Saturday, August 30, 2008

Why Everyone Must Combat Abuse & Domestic Violence

Domestic violence. Batterered wives. Domestic terrorism. Bah humbug. Who cares? None of my friends are abused. It has nothing to do with me. People may well say that; but how do you know? Are you sure your friend isn’t black and blue on the inside from verbal and emotional abuse and is keeping it private as is typical of abused women? And what about the receptionist at your doctor’s office? Could it be the name calling and put downs she’s getting at home made it so hard to concentrate that she put your papers in someone else’s file and now no one can find them? Could your coworker, whom you think has PMS, actually be in terror of unjustly losing custody of her children because of threats from her almost ex-husband and because the court tends to believe the statements of an angry aggressive man are true, while his victim must furnish proof for her statements? And horror of horrors, what if one of your daughters—or your friend’s daughters ends up married to an abuser? As with the Holocaust, if too many people shrug and turn away, the problem will soon be on everyone’s doorstep and come into their homes. We must not only intervene to stop domestic violence, we must take steps to prevent it from happening in the first place.

But how can we prevent abuse?

First, look at what causes it. We have a nation built on patriarchy, of men making the rules, and still have many who are intent on keeping it that way. Theoretically that should not be a problem—at least not if men are truly intent on the best interests of women and children as much as or more than their own welfare. But not only do humans tend to be selfish, when we have years of pro-male teaching, beliefs and power, combined with disrespect and devaluing of women, laws--whether by government or society--intended to benefit and maintain the power and privilege of men are the outcome.

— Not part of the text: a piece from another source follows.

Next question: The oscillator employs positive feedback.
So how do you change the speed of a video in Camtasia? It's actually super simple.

Second, examine those male vs female beliefs. Is the religious text actually aimed at keeping women in their place, or have you misread it and totally missed that in the culture the directive was given, the intent was to provide for women the next step out of oppression? Have you not noticed how incongruent are the texts for yielding to one another versus interpretation of texts requiring one gender to totally yield so the other can dominate?

Third, educate yourself about domestic violence and abuse and control tactics, and conversely, about healthy supportive relationships. Examine your own behavior. Do you tend to control or manipulate others? Do you tend to be controlled or manipulated by others? If so, take steps toward mutual respect of self and others and influence others toward the same.

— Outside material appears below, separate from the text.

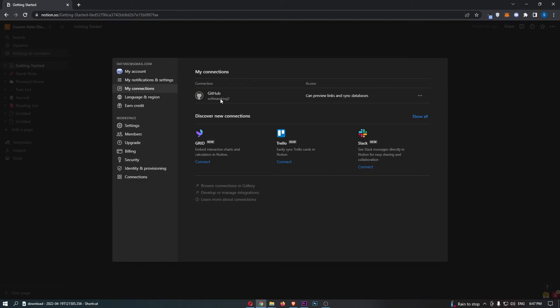Just like that, you can see that GitHub is now connected, and that is how you can integrate GitHub with Notion.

Fourth, look for role models who respect both men and women, and for married role models who show what a marriage where both spouses have equal respect and decision-making power looks like. And then develop relationship with them so you can see them in action, learn their attitudes, behaviors and knee-jerk reactions, and copy them.

Fifth, learn to see past the charming exterior of a man, and watch for signs that his partner believes she is less important than her spouse, or that she is brow beaten. (Yes, it is true some women are abusive and the reverse may apply. But at this point it is still primarily women whose lives are in danger. Even if the abuse doesn’t appear to be “that bad” right now, abuse does tend to escalate to physical violence and all too frequently, life-long injury or death for women.)

Sixth, when you think you have spotted an abusive relationship, resist the urge to avoid them and move toward them instead. Work to develop a trusting relationship with the couple, and contact your local shelter or read a book on the subject for ideas how to make a positive difference and be a corrective influence and support in their lives without stooping to controlling them.

Who knows? The life you save may be your daughter’s, or your granddaughter’s, or your son’s.